→ **TASK ITEM**
Could you transcribe the entries below exactly, starting at the line that contains "Biotek lot cartouches" and stopping at the last line, without any pictures?

(Saved entries)
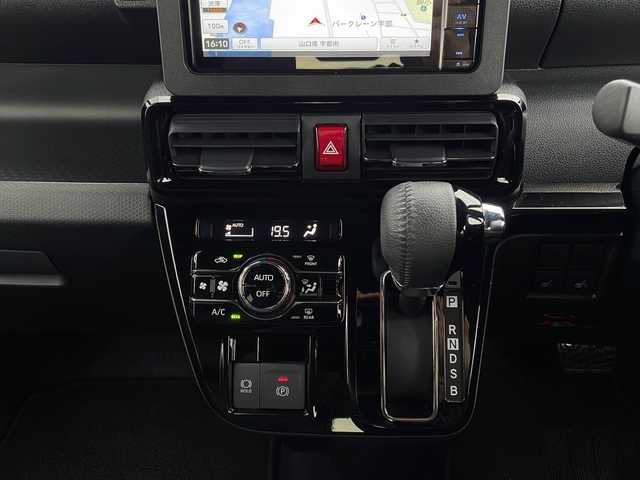 ダイハツ タント カスタム RS 山口県 2023(令5)年 0.7万km ファイアークォーツレッドM 社外メモリナビ/・HDMI/・フルセグテレビ/・Bluetooth/バックカメラ/ETC/スマートアシスト/・衝突回避支援ブレーキ/・衝突被害軽減ブレーキ/・衝突警報機能/・誤発進抑制制御機能/・先行車発進お知らせ機能/・車線逸脱警報機能/・オートハイビーム/両側パワースライドドア/プッシュスタート/スマートキー/アイドリングストップ/純正LEDヘッドライト/フォグランプ/純正アルミホイール15インチ/コーナーセンサー/純正フロアマット/取扱説明書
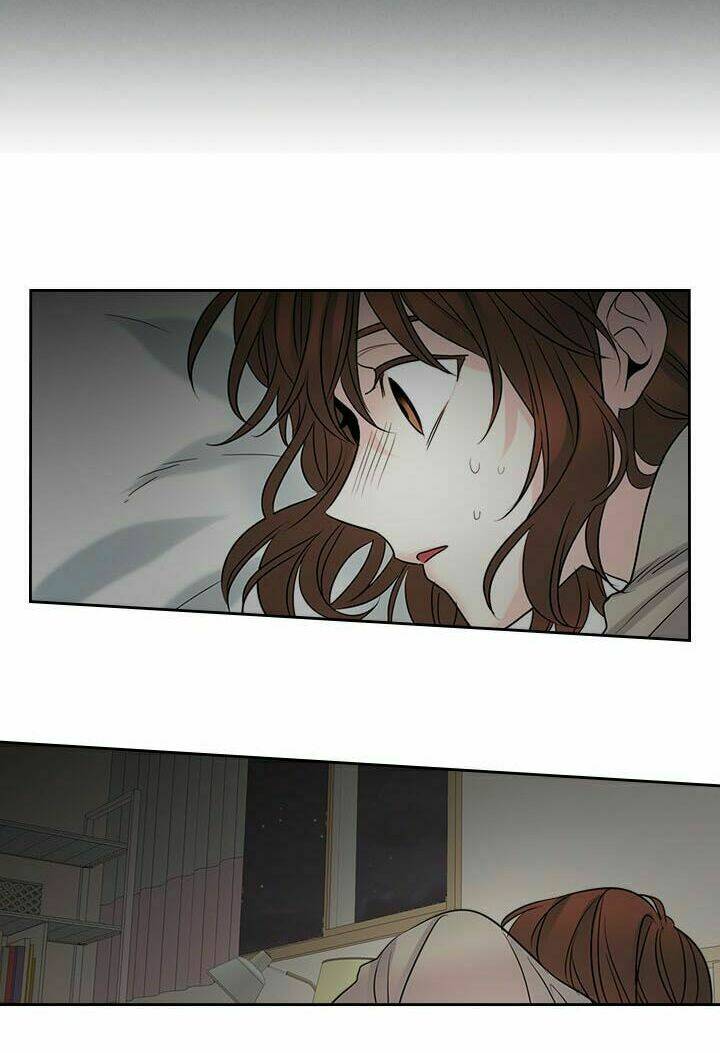 Luật Của Tiểu Thuyết Mạng Chapter 22 - Trang 2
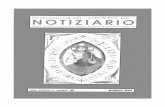 Frati Minori dell’Emilia-Romagna Notiziario -1 · Vita della Provincia 14 I ... (Dalla poesia in dialetto parmigiano “Padre Lino” di Renzo Pezzani) ... chi vede le cose da due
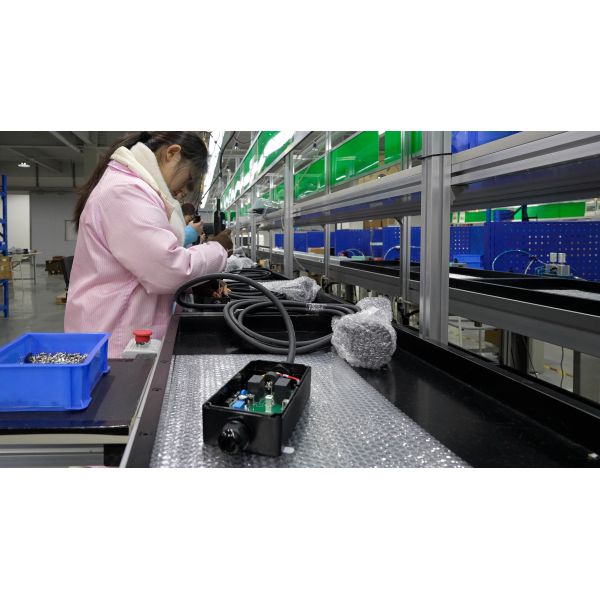 Chengdu Honors Technology Co.,Ltd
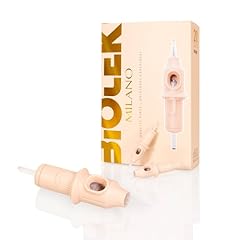 Biotek lot cartouches d'occasion  Livré partout en France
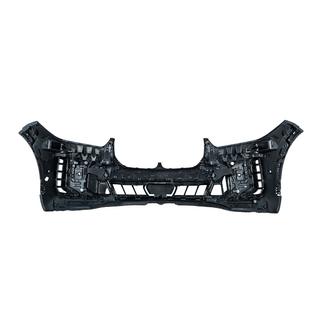 Frontstoßstange M60i (2023+) BMW X5 G05 2019–2026 Foto 4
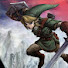 LqXP4cHvAaI-channel-avatar-23Mikeminded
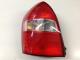 Mazda Familia BJ 1998-2003 L Tail Light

→ **OUTPUT FOR THIS EXERCISE**
 Biotek lot cartouches d'occasion  Livré partout en France
 Frontstoßstange M60i (2023+) BMW X5 G05 2019–2026 Foto 4
 LqXP4cHvAaI-channel-avatar-23Mikeminded
 Mazda Familia BJ 1998-2003 L Tail Light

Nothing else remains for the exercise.